Ideas & Inspiration
How to Grow Hydrangeas
If you want a garden that explodes with color, you can’t miss with hydrangeas. These carefree shrubs open their big, beautiful flowers every summer, adding pops of pink, blue, lavender, and snowy-white to the landscape.
Susanne Hudson is a gardener and interior designer in Douglasville, Georgia, who grows more than 200 of these spectacular shrubs around her restored Greek Revival home. Here are a few things to do before you plant hydrangeas in your yard:
- Choose the right location. Hydrangeas like moist, well-drained soil, and most need partial shade, especially in hot climates. (Avoid deep shade, though, or you won’t get many flowers, and don’t plant directly under trees, where the roots would compete for water and nutrients). In general, hydrangeas can take more sun in northern climates than in southern parts of the U.S. Read the tag on your plant to be sure you’re giving it what it requires.
- Plant after your last spring frost. Many hydrangeas bloom on the previous year’s growth, so a late freeze will kill new flower buds. Or grow re-blooming hydrangeas, like those in the ‘Endless Summer‘ collection. Proven Winners ‘Incrediball’ is another good choice. These plants bloom on the current year’s growth. Gardeners who don’t get hit by a cold snap will get two flushes of flowers each season.
- Dig a hole at least twice as big as the plant's root ball. You may need to loosen hard or compacted soil with compost, aged manure, perlite, or other soil amendments.
- Water thoroughly after planting, and mulch to retain moisture.
- Many hydrangeas don't need fertilizing, because the nutrients in the soil are sufficient. However, you can use a slow release fertilizer or a 10-10-10, applied in early spring and again in early fall.
If you live and garden in the Northern U.S., try Hydrangea paniculatas, which are the most cold hardy hydrangeas. ‘Limelight,’ ‘Pinky Winky,’ and ‘Grandiflora,’ also known as ‘PeeGee,’ are great choices for USDA hardiness zones 4 through 7. Some gardeners can grow ‘Annabelle,’ H. arborescens, as far north as zone 3.

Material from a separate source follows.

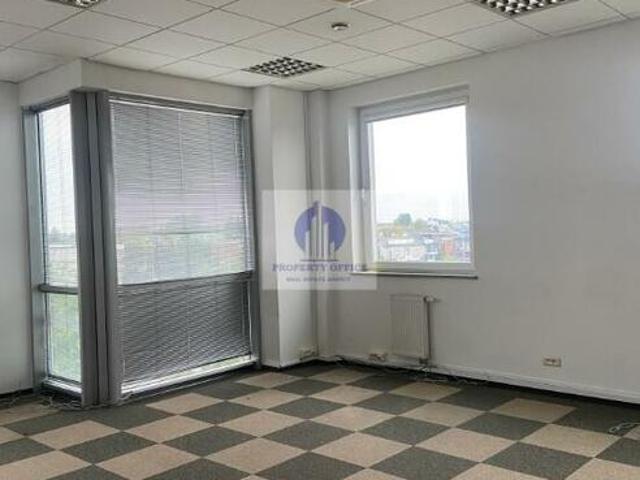 Biuro do wynajęcia w Warszawa, Mazowieckie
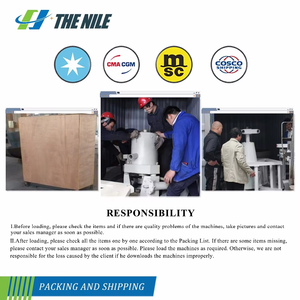 Quy Mô Nhỏ Vàng Khai Thác Mỏ Thiết Bị Tách Ly Tâm Vàng Tập Trung Giá Trong <span class=keywords><strong>Zimbabwe</strong></span> - Product Image 6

In the Southeast, try oakleaf hydrangeas, H. quercifolia, one of two hydrangea species that are native to the U.S. Oakleaf hydrangeas are best suited for moist woodland gardens, or the edge of woodlands. Their foliage takes on shades of deep mahogany, green, and rust in autumn, and the peeling bark is attractive.
Smooth hydrangea, H. arborescens, is the other native American species. It’s rated for USDA hardiness zones 4 to 9 and grows from New York to Florida, and west to Iowa and Louisiana.

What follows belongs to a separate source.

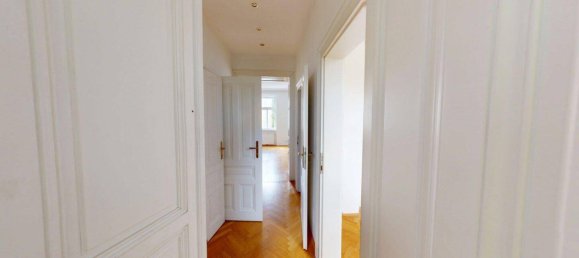 3 rooms Apartment in Dobling, Austria No. 256324 11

Gardeners in zones 4 to 7 can also grow climbing hydrangea, H. anomala petiolaris. This is a clinging vine that grows slowly, but eventually reaches 80 feet in height, if grown onto a structure. (Warning: it’s difficult to pull these plants down, if you decide to remove them, and they leave marks. Use them only where you want them to remain.)

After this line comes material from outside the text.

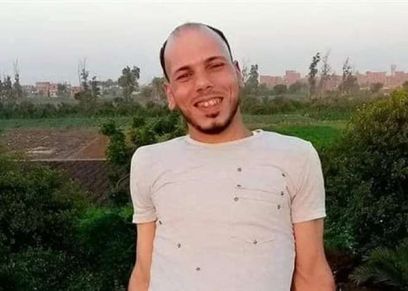 عريس القليوبية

Southern gardeners can grow the old-fashioned mopheads, H. macrophylla, also called the bigleaf, French, garden or florist’s hydrangea. Mopheads are rated to USDA cold hardiness zone 6.
Gardeners in zone 10 can try hydrangeas in containers. Grow them in the shade or in cool sunrooms.
- Grow hydrangeas in pots for your porch or deck. Use a big container and lots of dirt, so you won’t have to water often.
- If your garden gets a lot of sun, don’t despair. There are hydrangeas for both sun and shade.
- The pH of your soil determines whether you get pink or blue flowers on many hydrangeas, You can change some hydrangea blooms from blue to pink by adding dolomitic lime to your soil, or from pink to blue by using aluminum sulfate. Susanne doesn’t tinker with the soil. “I leave the color to Mother Nature, and it turns out great.”
- Want to add winter interest to your potted hydrangeas? Add a small evergreen to the container.
- Add a few old farm tools, like rusty hoes or rakes, to your pots. Look for them at yard sales, or use whatever you have. Susanne substitutes metal poles for the original wooden handles, so the wood won’t rot, and sticks the tools into the pots upside down. Voila—you’ve got a vintage-look “tool bouquet.”